▸ **Activity**: The entries below should be set down again exactly, with every picture left out.
(Data excerpts begins)
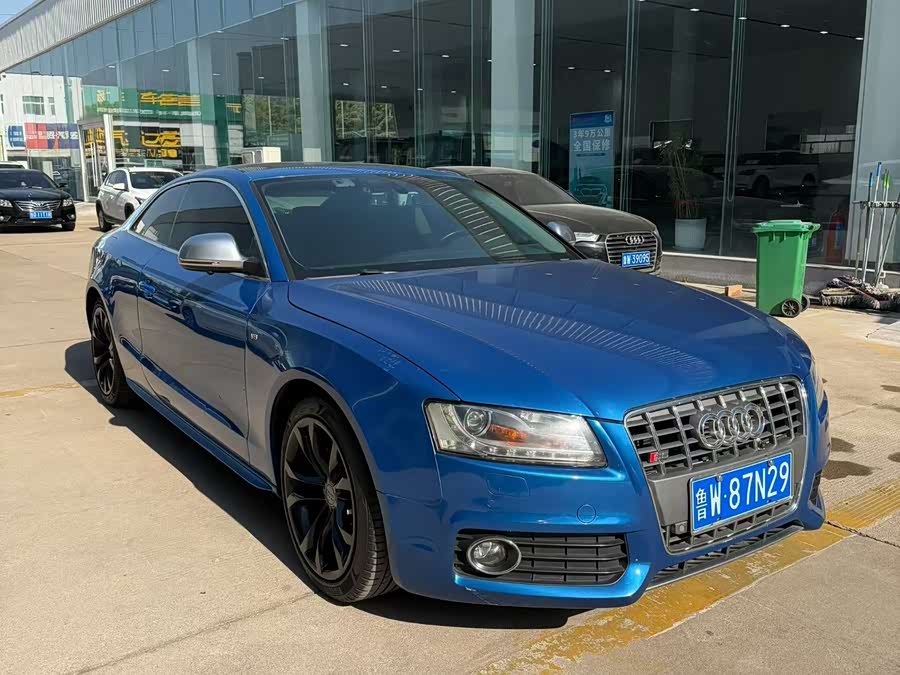 Audi S5 2010 car image #3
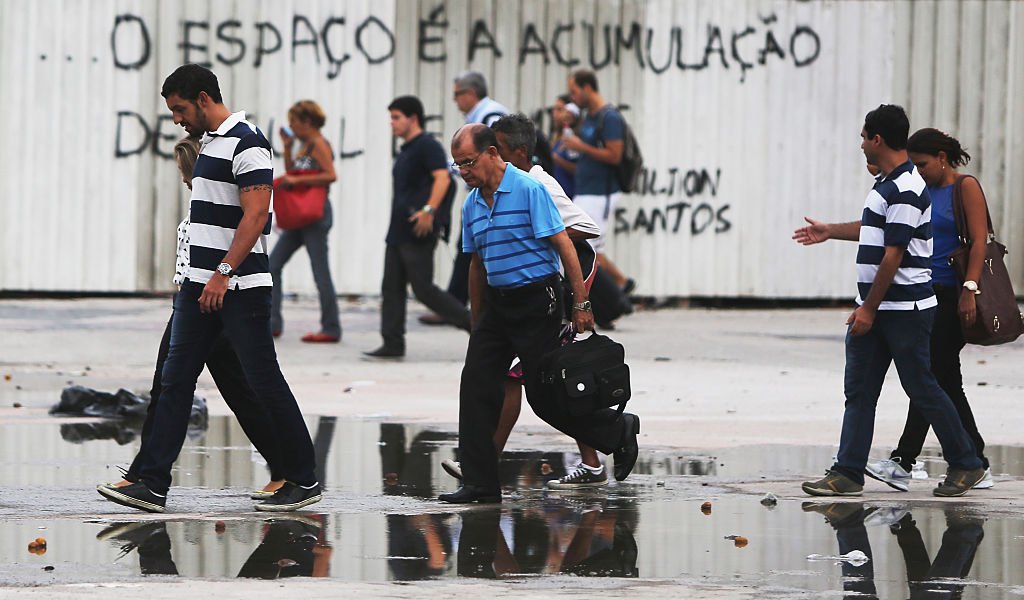 Crise multiplica mendigos e até executivos viram sem-teto no Rio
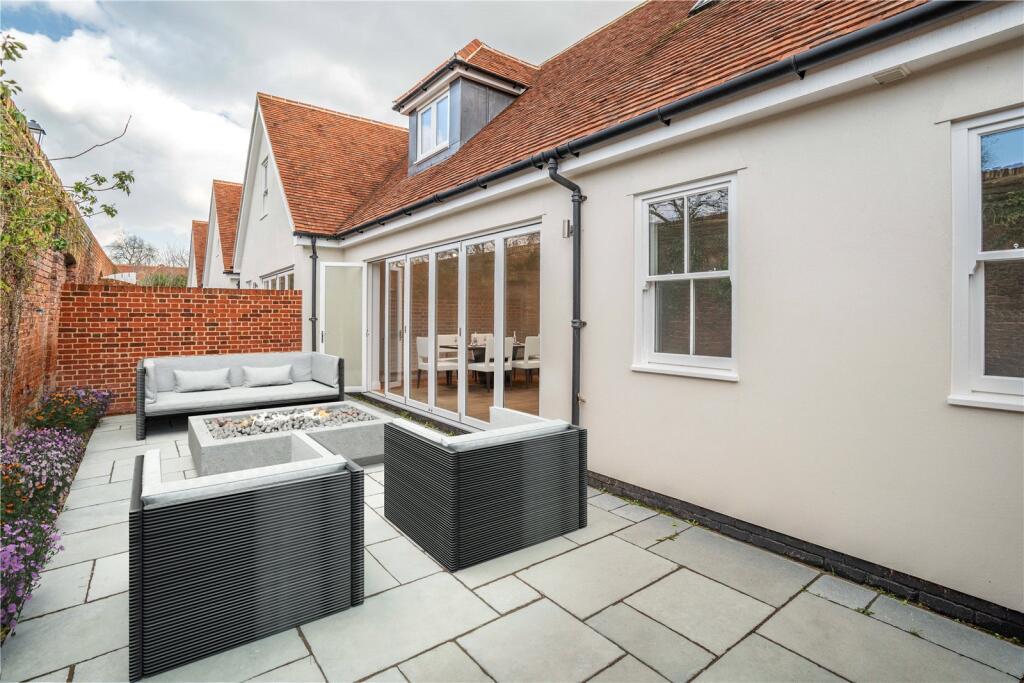 Additional image 3 of Brizes Park, Ongar Road, Kelvedon Hatch, Brentwood, CM14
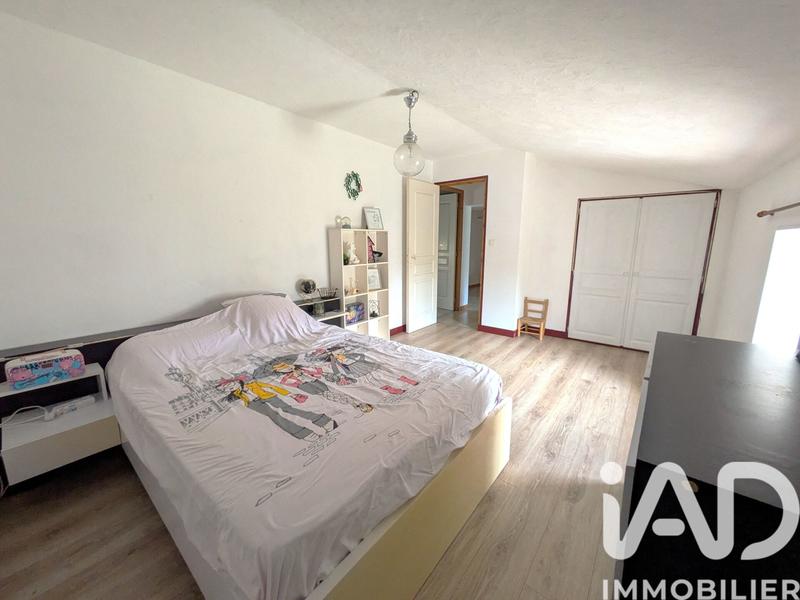 Maison - 162 m² - 6 pièces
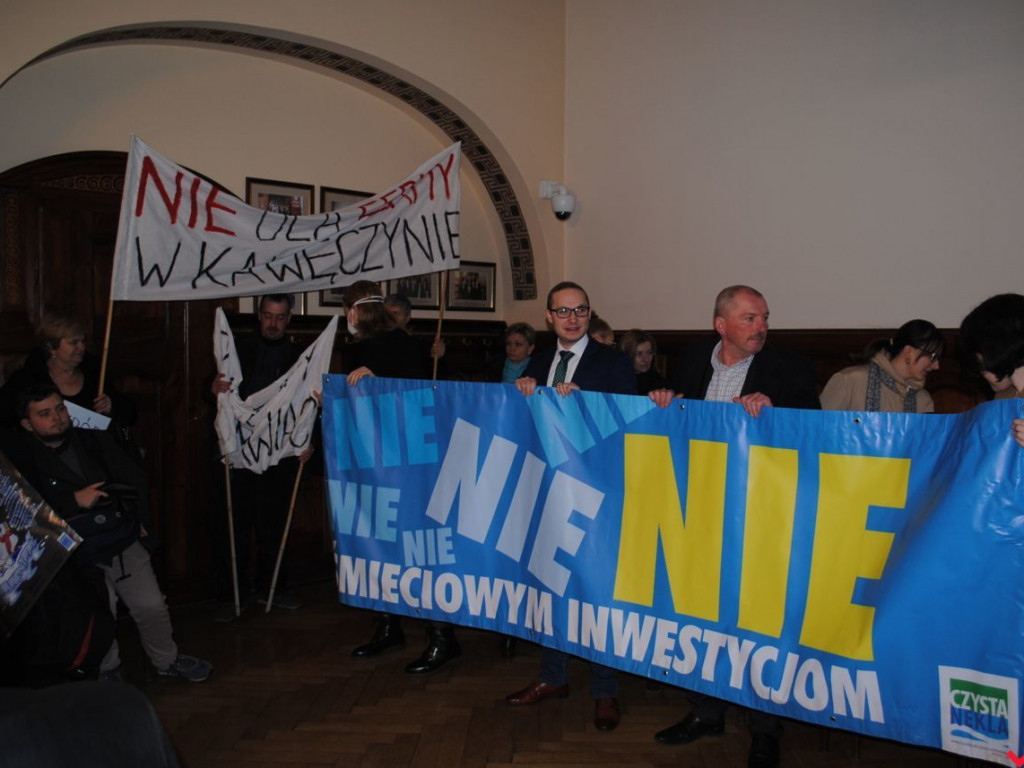 W ruch poszły transparenty i maski. Protest mieszkańców w ratuszu i na ulicach Wrześni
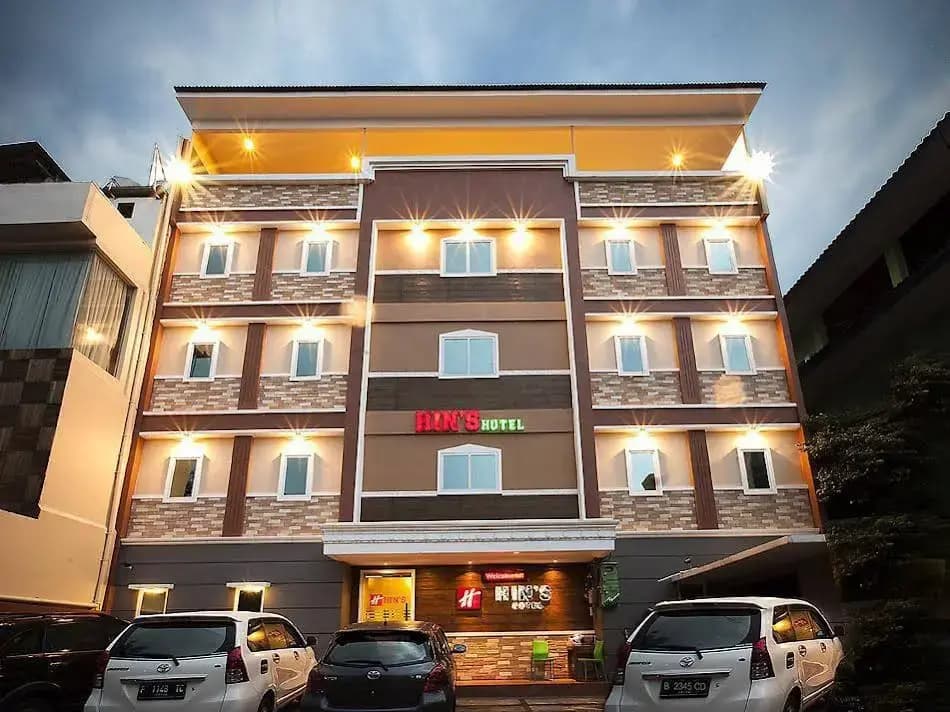 Hin's Hotel - photo 1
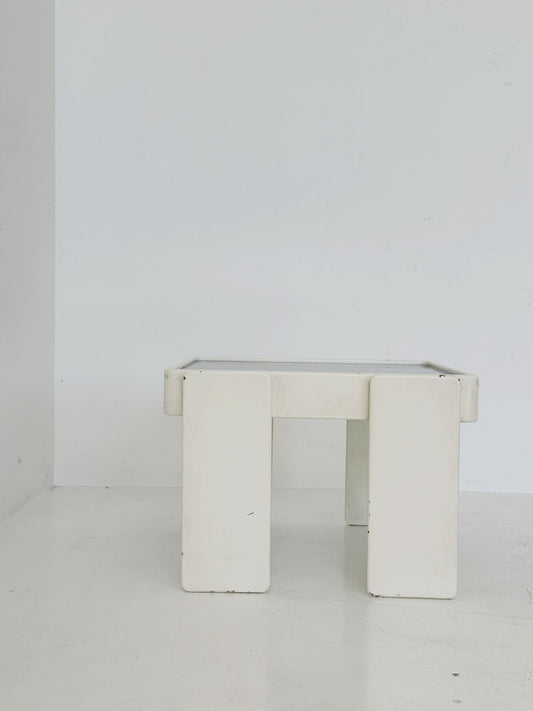 Coffee table attributed to Gianfranco Frattini, 1970s
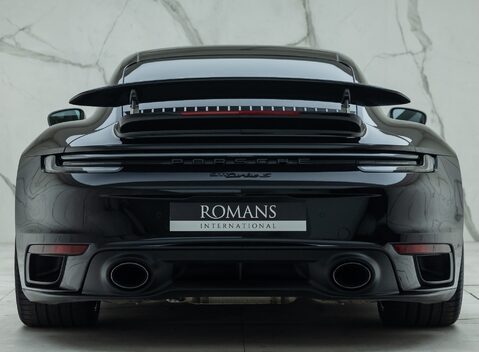 Porsche 911 Turbo S (992) 8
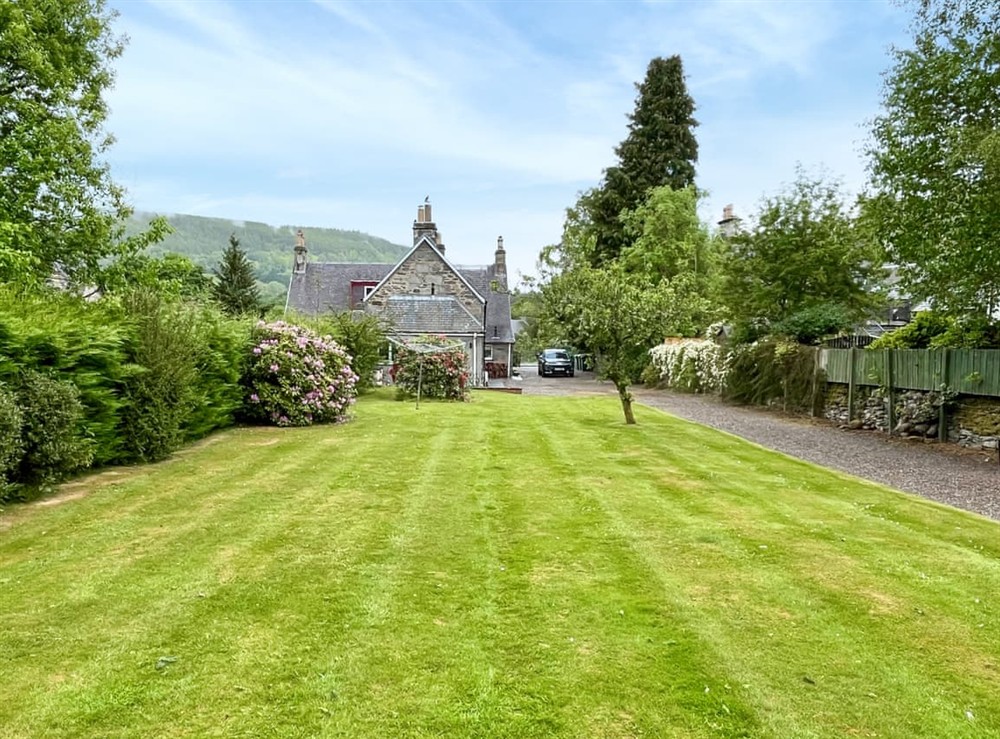 Garden at Hillview Cottage in Aberfeldy, Perthshire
(Data excerpts ends)
▸ **Solution for this exercise**:
 Audi S5 2010 car image #3
 Crise multiplica mendigos e até executivos viram sem-teto no Rio
 Additional image 3 of Brizes Park, Ongar Road, Kelvedon Hatch, Brentwood, CM14
 Maison - 162 m² - 6 pièces
 W ruch poszły transparenty i maski. Protest mieszkańców w ratuszu i na ulicach Wrześni
 Hin's Hotel - photo 1
 Coffee table attributed to Gianfranco Frattini, 1970s
 Porsche 911 Turbo S (992) 8
 Garden at Hillview Cottage in Aberfeldy, Perthshire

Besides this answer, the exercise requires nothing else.